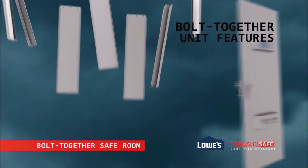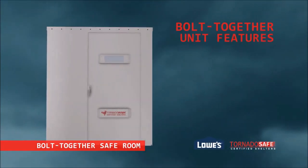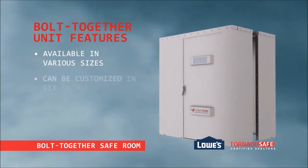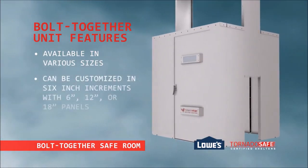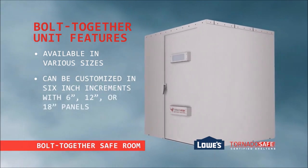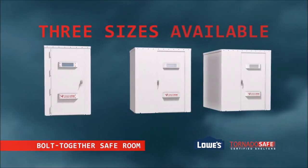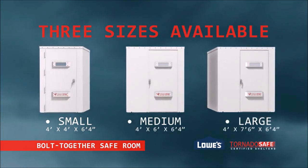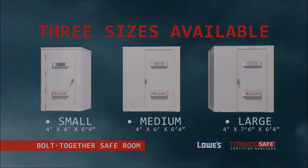The safe rooms are also available in a bolt-together modular unit. This unit comes in various sizes and can be customized in 6-inch increments with 6-inch, 12-inch, or 18-inch panels. The bolt-together modular unit is perfect for existing structures where a pre-welded safe room may not fit, or where a custom size is needed.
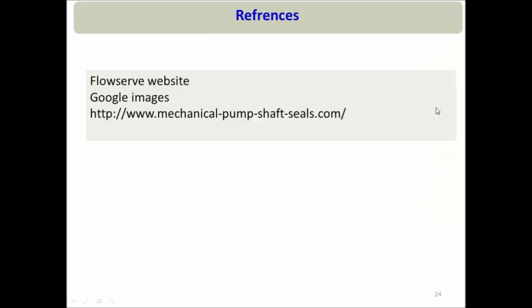I used different links and images to create these slides, mainly from the Flowserve website and other references. I would like to give credit to all those links and images. In the next part of my video, I will discuss the different types of seals based on their arrangement. Thank you.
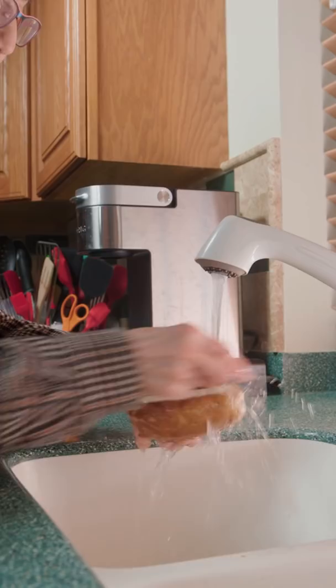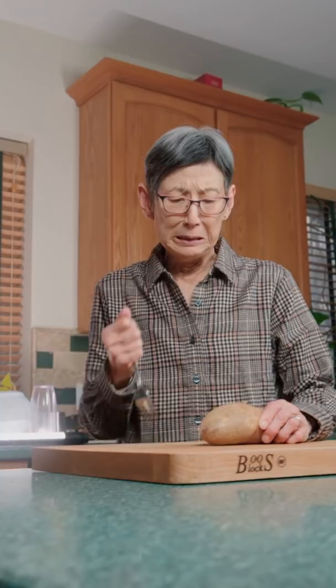Today we're making Minecraft Loaded Potatoes. Start by throwing your potatoes at the sink and wash them. Once they're clean, take out your anger on them.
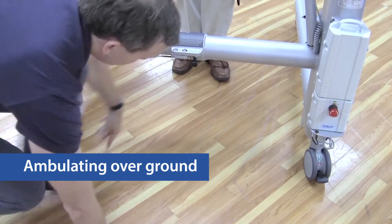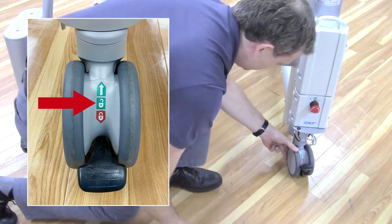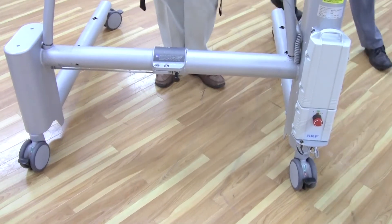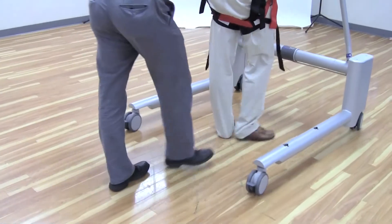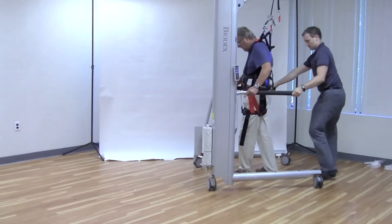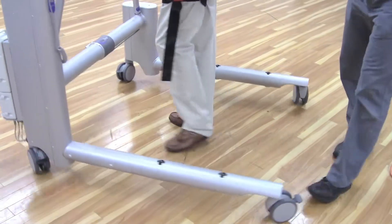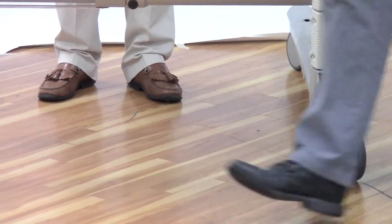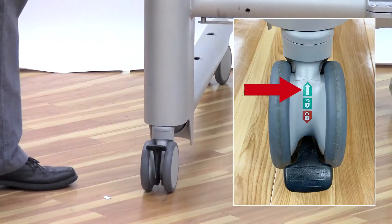For maximum maneuverability in tight spaces, unlock the rear casters and set the front casters to the second set. To help control a patient's steering over longer, straighter distances such as a hallway, set the front casters to be directionally locked in the forward position.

* [WHAT TO PRODUCE]: Transcribe exactly the lines from the one holding "I used different" through the final line of the material above, both ends included; any pictures should be dropped.

* [SOLUTION BELOW]:
I used different links and images to create these slides, mainly from the Flowserve website and other references. I would like to give credit to all those links and images. In the next part of my video, I will discuss the different types of seals based on their arrangement. Thank you.
Today we're making Minecraft Loaded Potatoes. Start by throwing your potatoes at the sink and wash them. Once they're clean, take out your anger on them.
For maximum maneuverability in tight spaces, unlock the rear casters and set the front casters to the second set. To help control a patient's steering over longer, straighter distances such as a hallway, set the front casters to be directionally locked in the forward position.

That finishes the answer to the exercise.